# Tabelle verzerrt/ verzogen - benötige Hilfe



## xXRoggieXx (7. Januar 2011)

Hallöle zusammen,

ich hoffe ich verstoße jetzt nicht gegen irgendwelche Regeln aber ich habe leider keinen direkten Bereich dafür gefunden und darüber hinaus wusste ich nicht genau, wie konkret ich mein Anliegen in den Titel quetschen könnte.
Zur Sache... Ich bastel derzeit an einer Seite und habe auch schon einen Freund darum gebeten den Quellcode zu überprüfen aber auch er, hat den Fehler nicht gefunden.

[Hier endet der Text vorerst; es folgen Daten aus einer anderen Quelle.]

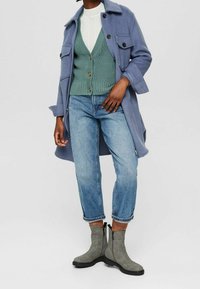 Jasnoniebieski wełniany płaszcz z dużymi kieszeniami, zielony dziergany sweter z guzikami, niebieskie dżinsy i szare botki za kostkę z bocznym zamkiem.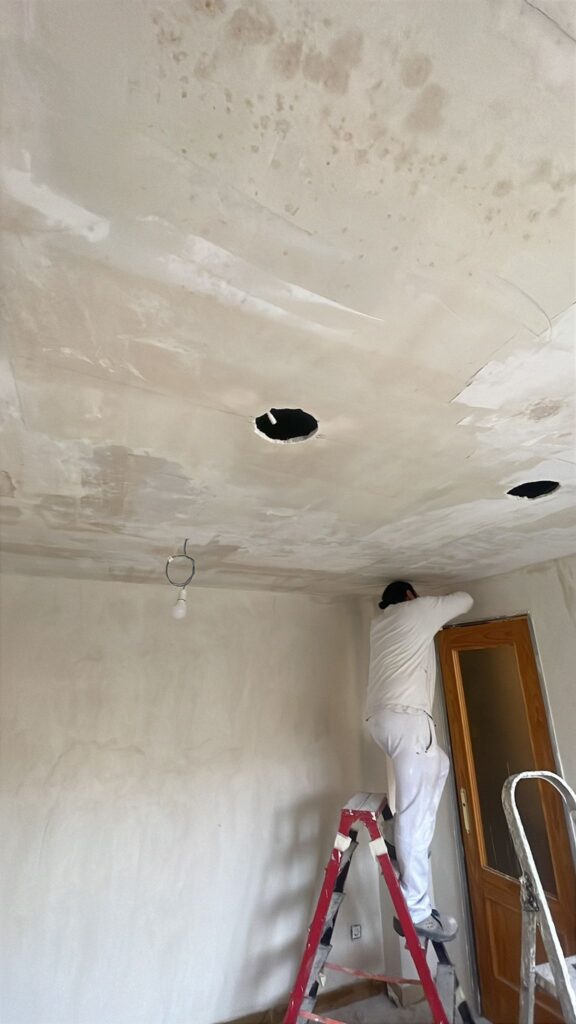 Operario preparando y pintando el techo de una vivienda en obra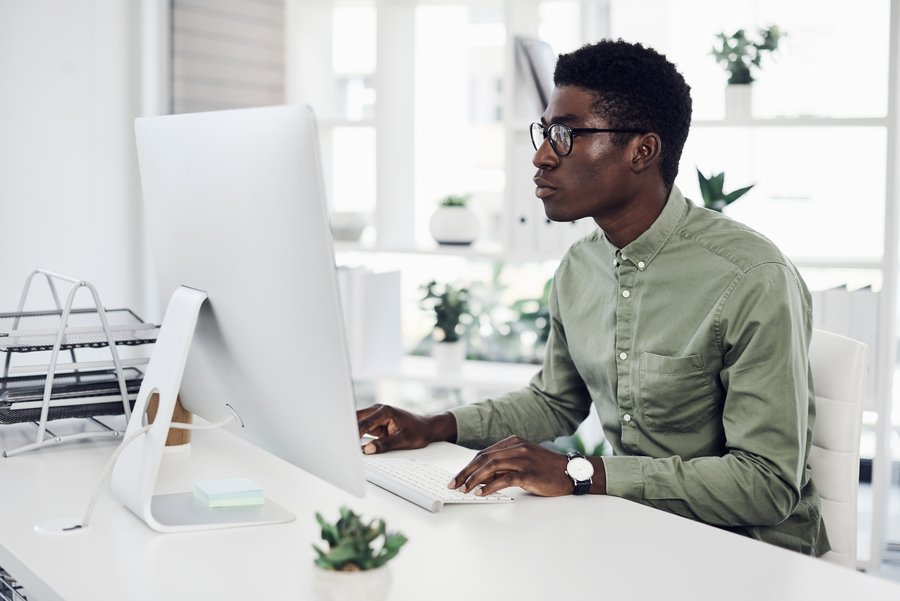 Jovem em frente ao computador em busca de formas de economizar energia no trabalho remoto sustentável. 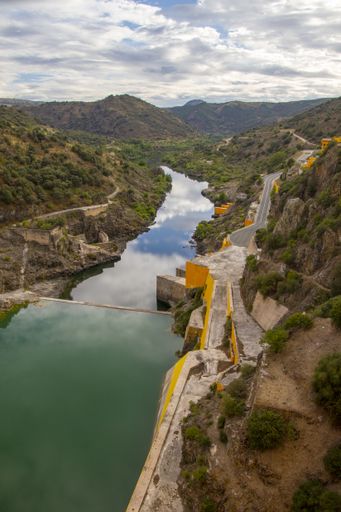 A high angle shot of a hydropower electric dam surrounded by mountains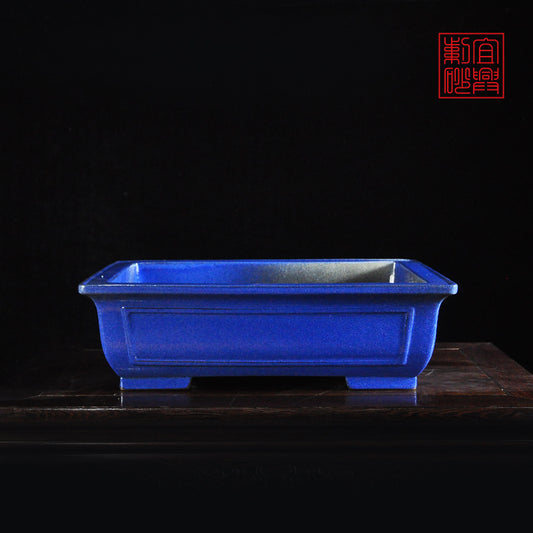 Dark blue rectangular glazed pot with open windows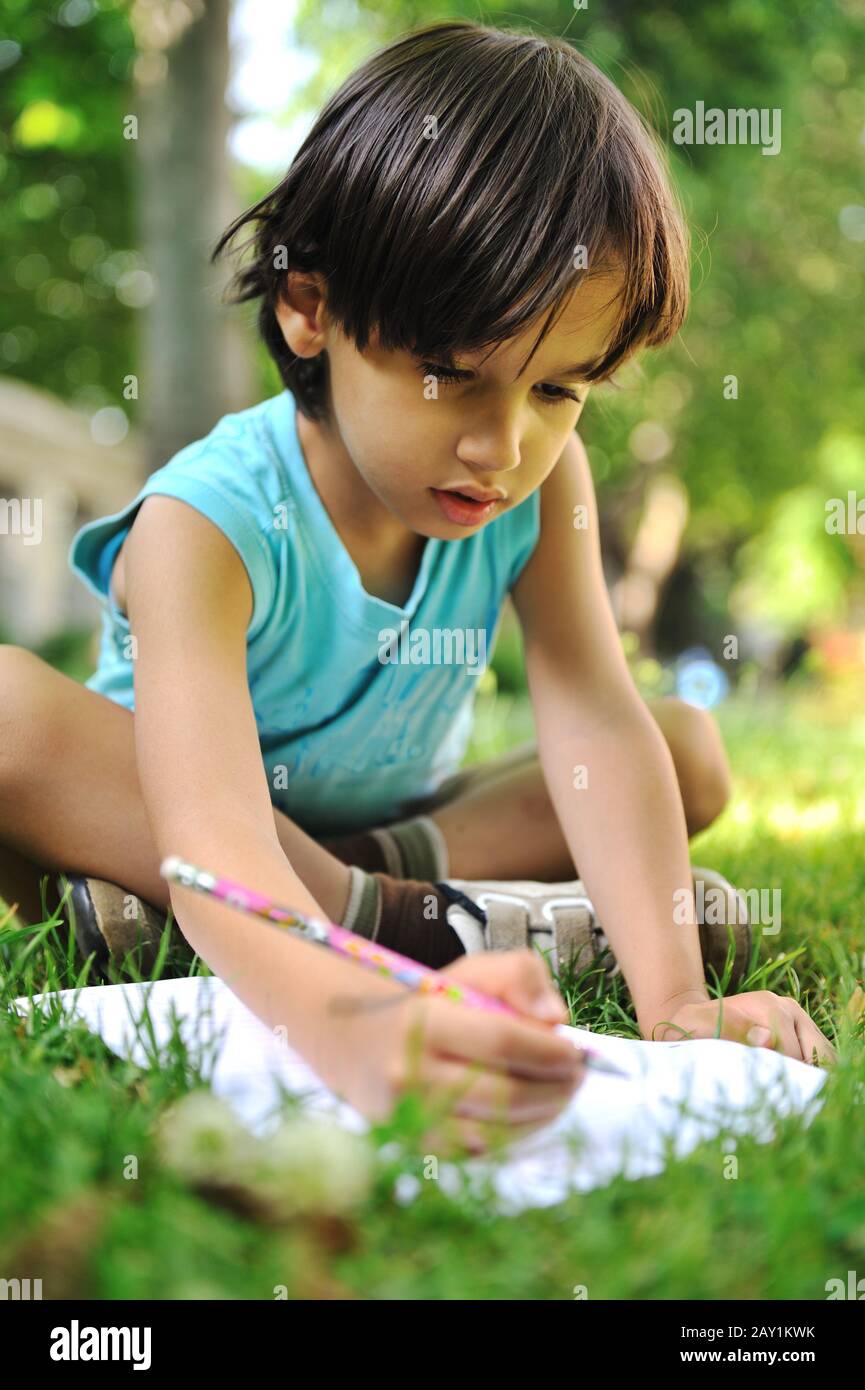 writing kid boy Stock Photo - Alamy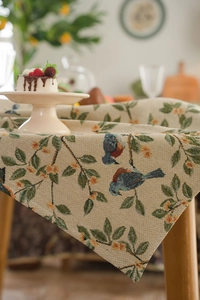 Detail of jacquard floral tablecloth with vintage bird pattern on rustic wooden table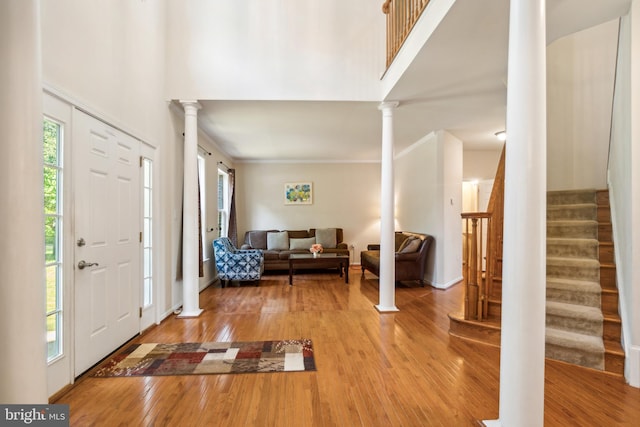 foyer entrance featuring ornate columns, hardwood / wood-style flooring, a towering ceiling, and ornamental molding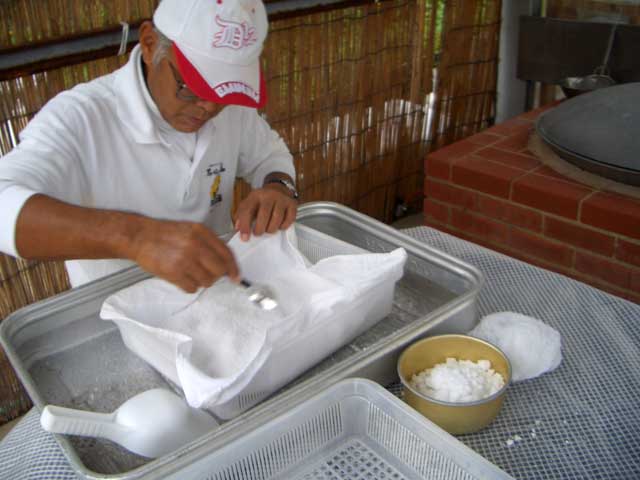 Salt cleaning by hand.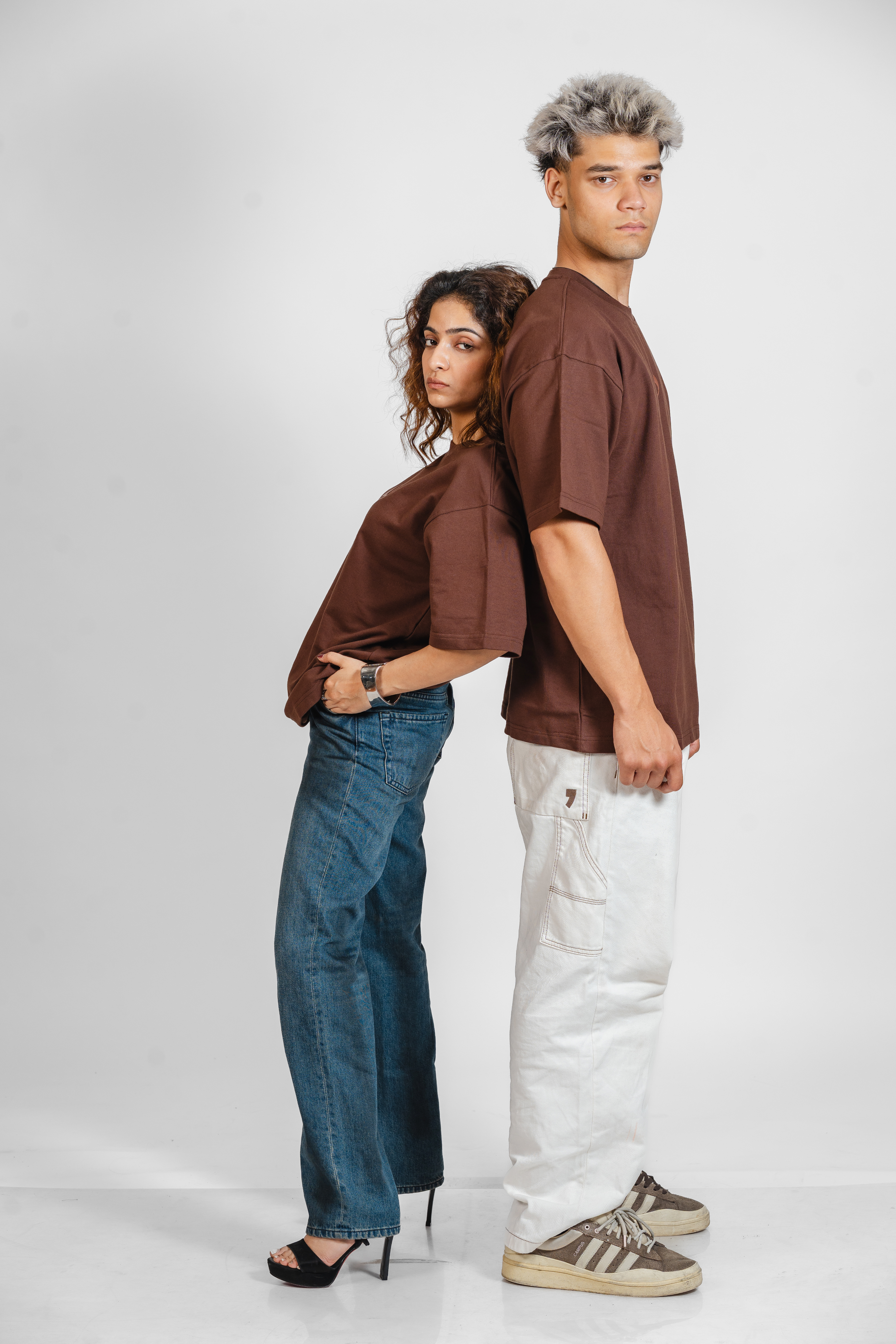 Two people wearing brown shirts and jeans standing back-to-back on a white background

Hier erst mal der Link zur Seite: Website - Ansicht

Und hier habe ich den Quellcode einfach mal als Txt-Datei hochgeladen: Quellcode - Textdatei

Ich hoffe das geht so in Ordnung, falls nicht poste ich den Code auch direkt hier rein.
Wäre nett wenn es möglich wäre, wenn jemand mal rüberschauen könnte und mir sagen, wo mein Fehler liegt.

Mit freundlichen Grüßen
Roggie

PS: Sicherheitshalber, habe ich die .txt dem Anhang hinzugefügt.


----------



## harryman (7. Januar 2011)

Hi,

ist alles etwas unübersichtlich, aber ich denke, dein Tabellenaufbau ist nicht ganz konsistent.
z.B. Zeile 1 besteht aus 3 Spalten und Zeile 2 aus ca. 12 Spalten.
Da du nirgendwo ein colspan drin hast, ist es logisch, dass in Zeile 2 die Spalten 4-12 recht daneben stehen.
Setze mal border="1" für deine Tabelle (damit du den Tabellenaufbau besser siehst) und sorge mit colspan bzw. rowspan dafür, dass die Spalten- und Zeilenanzahl immer passt.
Des Weiteren würde ich dir empfehlen, deine Seite mit einem DOCTYPE zu beginnen und den Code durch einen Validator zu jagen. Die dabei angezeigten Fehler würde ich auch noch entfernen....


----------